5. Display visual alerts at the entrance of the facility and in strategic areas (e.g., waiting for areas or elevators) about respiratory hygiene, cough etiquette, social distancing, and disposal of contaminated items in trash cans will have to be placed.
6. Installation of glass or plastic barrier at the reception desk, preferably with a two-way speaker system.
7. Distant waiting chairs, preferably a meter apart.
8. All areas to be free of all fomite such as magazines, toys, tv remotes or similar articles.
9. Cashless/contactless payment methods are preferred.
10. A bin with a lid should be available at triage where patients can discard used paper tissues.
11. Changing room to be available for staff and all workers to wear surgical top1and pyjama and clinic shoes
12. Dedicated area for donning and doffing of PPE.
13. Sensor taps or taps with elbow handles in the washrooms
14. The dental chair water lines should be equipped with ant retraction valves 15. Use of hand pieces with anti-retraction valves only
Implementation Phase
1. Since the infection spreads through close contact, diligent maintenance of patient records is needed now more than ever for contact tracing. Proper screening of the patient including detailed history taking. Temperature check (it does not test COVID but pyrexia) along with sanitisation procedure. Education about hygiene through posters at strategic points
2. We should educate patients that the should not carry any bags, or wear watches or other stuff which needs to be kept away during the procedure. Minimum contact of patient with the operatory.

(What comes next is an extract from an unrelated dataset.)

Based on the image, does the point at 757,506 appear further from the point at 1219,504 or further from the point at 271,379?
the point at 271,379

3. Use of disposable chair covers and PPE including head cap, nitrile gloves, bouffant,3 ply masks, and face shields. Also, proper management of these disposables is of uttermost importance. As an alternative cotton chair covers, patient drapes and laminated surgical gown can also be encouraged as it can be autoclaved and reused. It is both cost effective and eco-friendly.
Personal protection equipment guidelines of the NHS-United Kingdom
4. Use of pre procedural mouth rinse
It has been investigated in vitro the viricidal effect of a mouthwash with PVP-I at 7%, diluted 1:30 in water, formulating a 0.23 % concentration, recommended for human use. It has been concluded that after 15 seconds of exposition, it succeeded in inactivating some pathogens like influenza virus A (H1N1), SARS-Cov, and MERS-Cov (Eggers et al., 2018).

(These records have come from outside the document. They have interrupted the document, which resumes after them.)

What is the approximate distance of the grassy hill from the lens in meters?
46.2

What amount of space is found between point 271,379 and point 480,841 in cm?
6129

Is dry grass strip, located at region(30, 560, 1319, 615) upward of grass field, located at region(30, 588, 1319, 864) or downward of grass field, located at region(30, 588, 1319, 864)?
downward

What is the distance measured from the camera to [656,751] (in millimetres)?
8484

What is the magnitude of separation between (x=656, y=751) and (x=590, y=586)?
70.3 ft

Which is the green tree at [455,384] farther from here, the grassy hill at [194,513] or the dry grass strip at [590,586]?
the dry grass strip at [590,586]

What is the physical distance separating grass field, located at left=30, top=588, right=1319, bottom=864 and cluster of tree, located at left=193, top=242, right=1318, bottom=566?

Flowchart based on the American Dental Association Interim Guidance for Management of Emergency and Urgent Dental Care on 04/01/2020
What we should look forward to
With a host of research projects underway for finding a vaccine against and a cure for Covid-19 infections, now more than ever dental and medical fraternity is expected to educate themselves, keep abreast with the latest information and adopt the procedures being developed. These from the simplest procedures of automated sanitizer dispensers and advising patients over video calls, to learning sample collection methods from the infected patients.
Addressing the need for faster treatment outcomes of Orthodontic procedures and consequently lesser patient appointments, Accelerated Orthodontics will take precedence.

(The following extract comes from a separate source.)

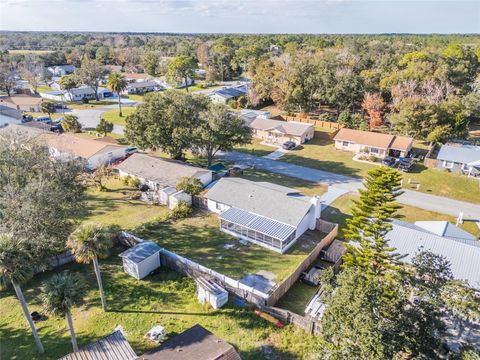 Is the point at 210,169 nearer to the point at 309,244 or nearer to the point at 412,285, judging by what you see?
the point at 309,244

The Global economy has been negatively impacted by the pandemic hence many patients will be posed with a choice of continuing their Orthodontic treatment or deferring it for more pressing expenses. As an industry, Orthodontists must be receptive to this. The companies manufacturing the equipments used and materials developed must take cognizance of this and develop more economically viable alternatives for patients without compromising the quality of the treatment.
In conclusion, as Lord Tennyson wrote not once or twice in our rough island story, the path of duty is the path to glory’ so it shall be for Orthodontists as well. We should continue to serve our patients and our profession with renewed vigor.